Zittingsplaats Utrecht Bestuursrecht zaaknummer: NL24.21869
uitspraak van de enkelvoudige kamer in de zaak tussen

[eiser] , eiser V-nummer: [V-nummer]

(gemachtigde: mr. D.W.M. van Erp), en
de Staatssecretaris van Justitie en Veiligheid, (gemachtigde: mr. R.P.G. van Bel).

Inleiding

Op 23 mei 2024 heeft de staatssecretaris eiser in vreemdelingenbewaring (bewaring) gesteld, op grond van artikel 59, eerste lid, aanhef en onder a, van de Vreemdelingenwet 2000 (Vw).
Eiser is het hier niet mee eens en heeft beroep ingesteld. Dit beroep wordt ook aangemerkt als een verzoek om schadevergoeding.
De rechtbank heeft het beroep op 3 juni 2024 op zitting behandeld. Eiser is verschenen. Als tolk is verschenen T. Baddouri. De staatssecretaris heeft zich laten vertegenwoordigen door zijn gemachtigde.
In deze uitspraak beoordeelt de rechtbank of de bewaring van eiser rechtmatig is.

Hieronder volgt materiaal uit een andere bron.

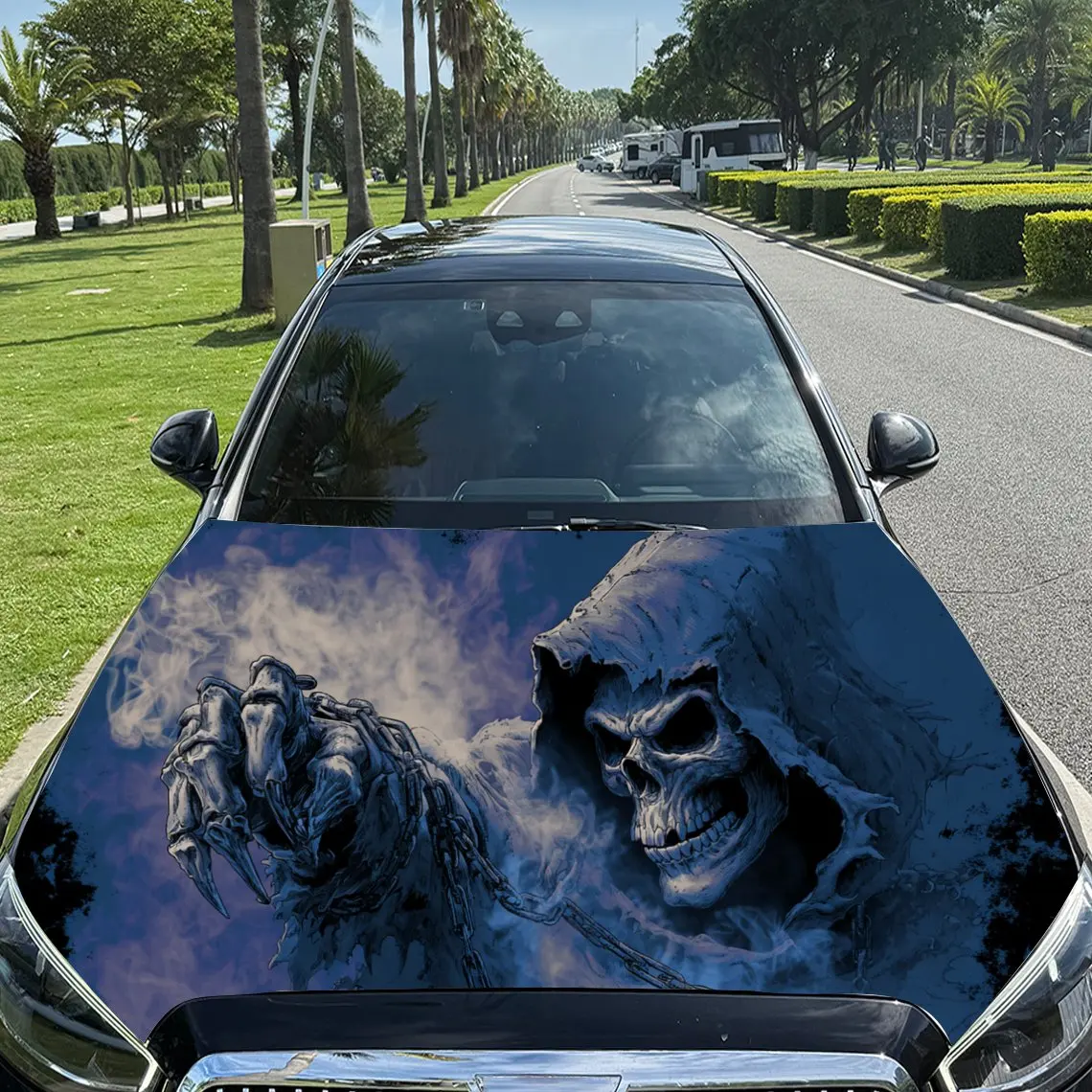 

Dreamy Grim Reaper in a Dark and Mystical Scene PVC Car Engine Hood Vinyl Wraps, Self-Adhesive Waterproof Car Hood Decal Sticker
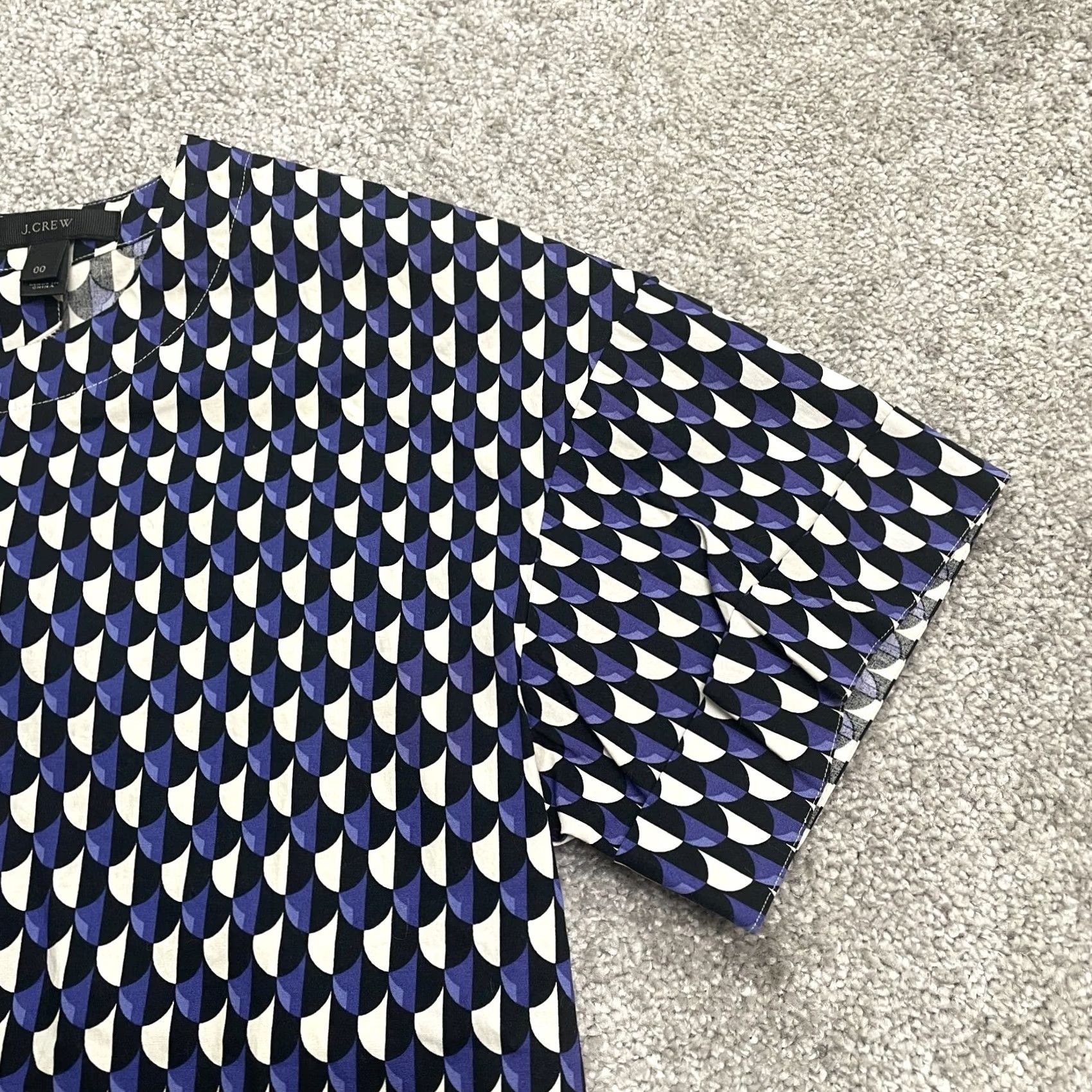 J.Crew J.CREW Geometric Blouse Womens 00 Multicolor Short Sleeve Casual Top Size XXS / US 00 / IT 34 - 5 Thumbnail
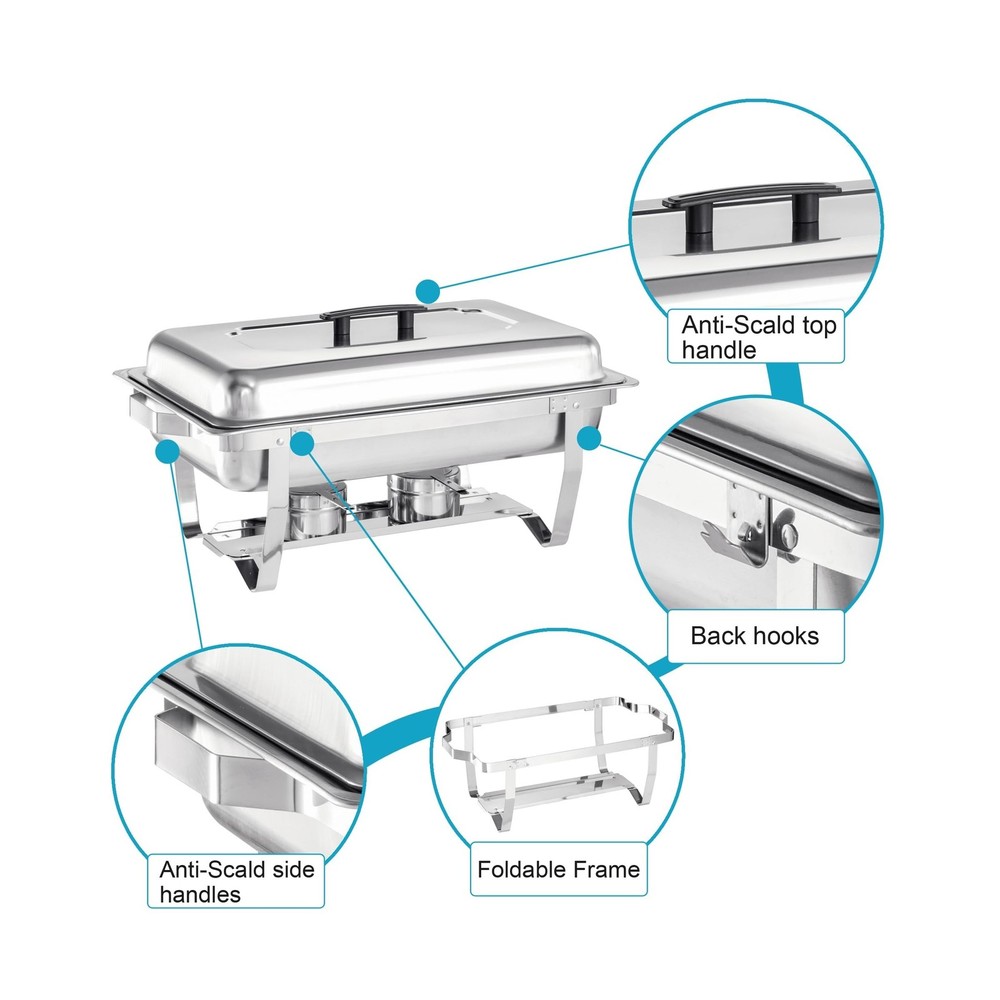 Chafing Dish Buffet Set 4 Packs,9 Quart Stainless Steel Foldable Rectangular ...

Beoordeling door de rechtbank

1. Eiser stelt dat hij de Algerijnse nationaliteit heeft en dat hij is geboren op [1994] .
De ophouding
2. Eiser stelt dat sprake is van een onrechtmatige ophouding omdat deze op een onjuiste wettelijke grondslag, namelijk op artikel 50, tweede lid, van de Vw, is gebaseerd. De staatssecretaris had hem moeten ophouden op grond van artikel 50, derde lid, van de Vw. Zijn identiteit was namelijk al vastgesteld in het strafrechtelijke traject.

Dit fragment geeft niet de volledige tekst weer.